OK this is where I want to agree to disagree---LOL


----------



## gator_79 (Sep 16, 2009)

I agree with the others, and like I said in an earlier post, You should get them to replace that stick. I know I'm not alone here, but when I pay my hard earned money for something I expect it to be exactly what I pay for...not an inferior product. Granted the company probably didn't know the stick was moldy due to it being a tubo they should still replace it. 

As far as mold in humidors, I keep my humi around 60 RH just in case the temp does get a little high. I live in FL and cannot afford to run my AC 24/7. My humi does sometimes get up to around 80, but the low humidity should kep the mold away.


----------



## Benji (Jan 10, 2010)

Wipe it down and smoke it. Crisis over. Until tomorrow!.. :drama: ound:


----------



## Mante (Dec 25, 2009)

Benji said:


> Wipe it down and smoke it. Crisis over. Until tomorrow!.. :drama: ound:


ROTFLMAO..... :drama::bowdown::lolat::first:


----------



## asmartbull (Aug 16, 2009)

and the score is

Casto 4
Martin 0

:ballchain:


----------



## Scott W. (Jul 10, 2008)

Martin, 

Quit cigars, start on pot and booze, lots less to worry about.


----------



## Rodeo (May 25, 2009)

asmartbull said:


> and the score is
> 
> Casto 4
> Martin 0
> ...


LOL!

Very interesting thread ... and a wide variety of opinions on this issue. I agree that martin sometimes asks for advice and then ignores it. In this case, though, I think he has gotten some inaccurate advice. Sending an $8 stick halfway around the world and having them send another back, simply because it has a little mold on it, is crazy. Comparing a bit of mold with tobacco beetles or cracked wrappers is also not particularly helpful.

Mold happens. Its an organic product. The best minds on the subject say wipe it down and stick it in your humi at a proper RH. Except in extreme cases, that's good advice. It's what I do, and I don't have any mold issues.

When I hear talk of quarantine, I think people are transferring beetle advice to mold issues. I haven't read from any reputable source that sticks which have had mold wiped from them need to be quarantined.

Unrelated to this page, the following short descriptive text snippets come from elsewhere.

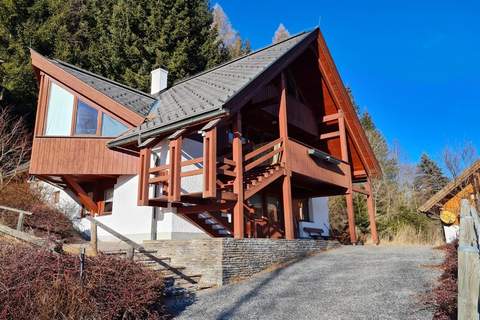 Chalet Ski In - Top 2 - Ferienunterkunft in Bad Kleinkirchheim (6 Personen)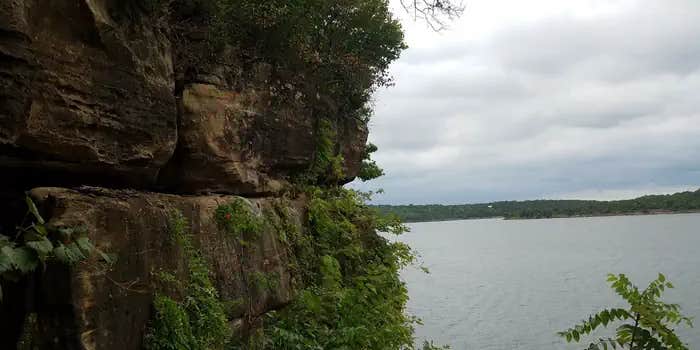 Camper submitted image from Tall Chief Cove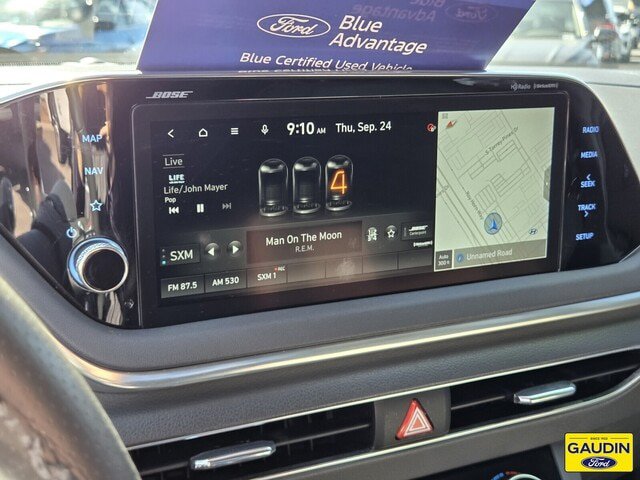 Used 2022 Hyundai Sonata SEL Plus FWD image 21
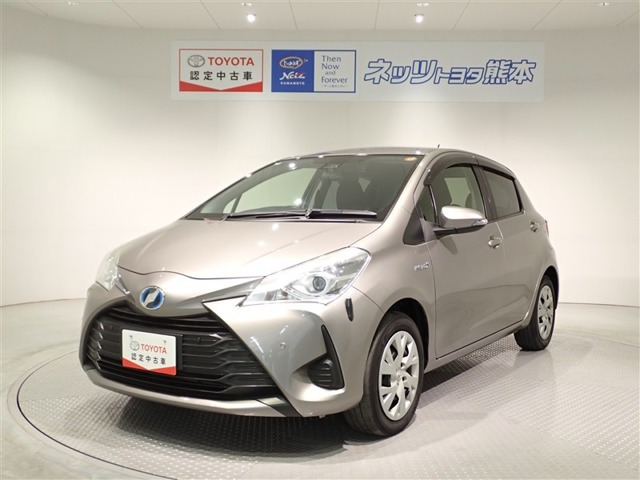 ヴィッツ 1.5 ハイブリッド U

Perhaps more bad advice for our habanos-challenged friend, feel free to ignore


----------



## mhartnett (Dec 3, 2009)

According to a local B&M, white mold makes cigars taste better. So I'll throw that in the pot, too. And they definitely believe what they're saying, because a good third of their stock is covered in mold. They are definitely NOT confusing mold with bloom/plume.


----------



## Scott W. (Jul 10, 2008)

Wipe it down and smoke the fugger! No reason not to


----------



## asmartbull (Aug 16, 2009)

I think it's plume :rotfl::rotfl::rotfl:

:boom::boom::boom:


----------



## Mante (Dec 25, 2009)

asmartbull said:


> I think it's plume :rotfl::rotfl::rotfl:
> 
> :boom::boom::boom:


Now that's just mean Al! LOL. A plume of blooming mold I assume you meant? No reply neccesary.:wave::spider:


----------



## pointbreak (Feb 8, 2010)

scottw said:


> Martin,
> 
> Quit cigars, start on pot and booze, lots less to worry about.


 HAhahahahahahahah ....lolainkiller: always funny Scott


----------



## mvorbrodt (Jan 13, 2010)

NEVER! QUITING IS FOR LOSERS!!!

I wiped it down and it's in the humi.

I don't ignore advice. I took SOME advice on here and from other thread.

Thanks all!

P.S. I'll try to queue the drama over the weekend. So expect at least 3 new threads first thing Monday morning!


----------